This is an automated email from the ASF dual-hosted git repository.
xuanwo pushed a commit to branch main
in repository https://gitbox.apache.org/repos/asf/iceberg-rust.git
The following commit(s) were added to refs/heads/main by this push:
new e1de63d3 fix: support empty scans (#1166)

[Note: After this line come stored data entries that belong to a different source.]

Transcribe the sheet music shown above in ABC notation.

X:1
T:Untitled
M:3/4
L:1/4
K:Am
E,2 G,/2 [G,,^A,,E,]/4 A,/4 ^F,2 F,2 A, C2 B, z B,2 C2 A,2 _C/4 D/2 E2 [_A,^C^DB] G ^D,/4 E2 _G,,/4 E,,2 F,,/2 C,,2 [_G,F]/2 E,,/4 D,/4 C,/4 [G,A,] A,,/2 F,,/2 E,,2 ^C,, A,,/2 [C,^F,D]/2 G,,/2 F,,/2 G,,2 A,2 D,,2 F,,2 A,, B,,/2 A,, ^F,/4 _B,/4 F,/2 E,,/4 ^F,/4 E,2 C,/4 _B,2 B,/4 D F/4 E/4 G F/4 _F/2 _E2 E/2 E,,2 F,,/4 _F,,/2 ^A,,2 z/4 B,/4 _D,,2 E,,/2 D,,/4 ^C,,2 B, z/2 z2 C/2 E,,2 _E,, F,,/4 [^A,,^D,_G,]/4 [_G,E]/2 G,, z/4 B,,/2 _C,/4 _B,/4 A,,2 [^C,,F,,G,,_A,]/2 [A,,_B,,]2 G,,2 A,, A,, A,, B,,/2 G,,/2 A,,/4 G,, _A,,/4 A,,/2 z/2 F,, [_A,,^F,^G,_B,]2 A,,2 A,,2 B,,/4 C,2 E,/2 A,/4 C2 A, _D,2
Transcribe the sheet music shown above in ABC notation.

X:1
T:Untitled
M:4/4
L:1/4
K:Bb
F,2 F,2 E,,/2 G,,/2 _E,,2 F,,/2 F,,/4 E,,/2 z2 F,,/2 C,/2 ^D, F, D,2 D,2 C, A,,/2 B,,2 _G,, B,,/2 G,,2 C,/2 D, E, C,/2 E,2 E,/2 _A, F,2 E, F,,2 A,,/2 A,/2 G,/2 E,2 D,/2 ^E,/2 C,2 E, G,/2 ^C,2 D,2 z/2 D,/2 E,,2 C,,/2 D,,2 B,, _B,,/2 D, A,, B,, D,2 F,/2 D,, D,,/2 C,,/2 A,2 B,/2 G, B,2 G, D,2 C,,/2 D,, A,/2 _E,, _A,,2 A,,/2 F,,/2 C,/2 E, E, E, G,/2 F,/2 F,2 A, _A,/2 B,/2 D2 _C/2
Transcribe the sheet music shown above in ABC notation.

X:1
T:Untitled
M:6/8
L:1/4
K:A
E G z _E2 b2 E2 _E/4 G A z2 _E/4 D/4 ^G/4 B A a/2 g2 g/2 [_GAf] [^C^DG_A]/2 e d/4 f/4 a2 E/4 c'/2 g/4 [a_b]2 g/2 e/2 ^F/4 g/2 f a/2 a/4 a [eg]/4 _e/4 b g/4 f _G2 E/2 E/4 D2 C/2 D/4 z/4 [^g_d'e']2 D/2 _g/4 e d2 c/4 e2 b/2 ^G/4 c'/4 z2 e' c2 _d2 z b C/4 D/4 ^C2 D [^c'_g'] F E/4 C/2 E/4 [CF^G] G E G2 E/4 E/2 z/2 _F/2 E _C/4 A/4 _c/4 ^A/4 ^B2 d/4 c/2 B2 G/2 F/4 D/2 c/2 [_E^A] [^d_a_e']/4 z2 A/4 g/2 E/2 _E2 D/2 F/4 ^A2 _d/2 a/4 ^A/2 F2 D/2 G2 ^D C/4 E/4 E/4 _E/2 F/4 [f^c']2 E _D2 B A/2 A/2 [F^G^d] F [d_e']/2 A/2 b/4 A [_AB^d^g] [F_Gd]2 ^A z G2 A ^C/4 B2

e1de63d3 is described below
commit e1de63d3ec47ee97d2b22cd193634e9aa9ff6ed8
Author: Dan King <[email protected]>
AuthorDate: Sat Apr 5 00:00:26 2025 -0400
fix: support empty scans (#1166)
## Which issue does this PR close?
Closes #1145.
## What changes are included in this PR?
Allow scanning of a table with no snapshots.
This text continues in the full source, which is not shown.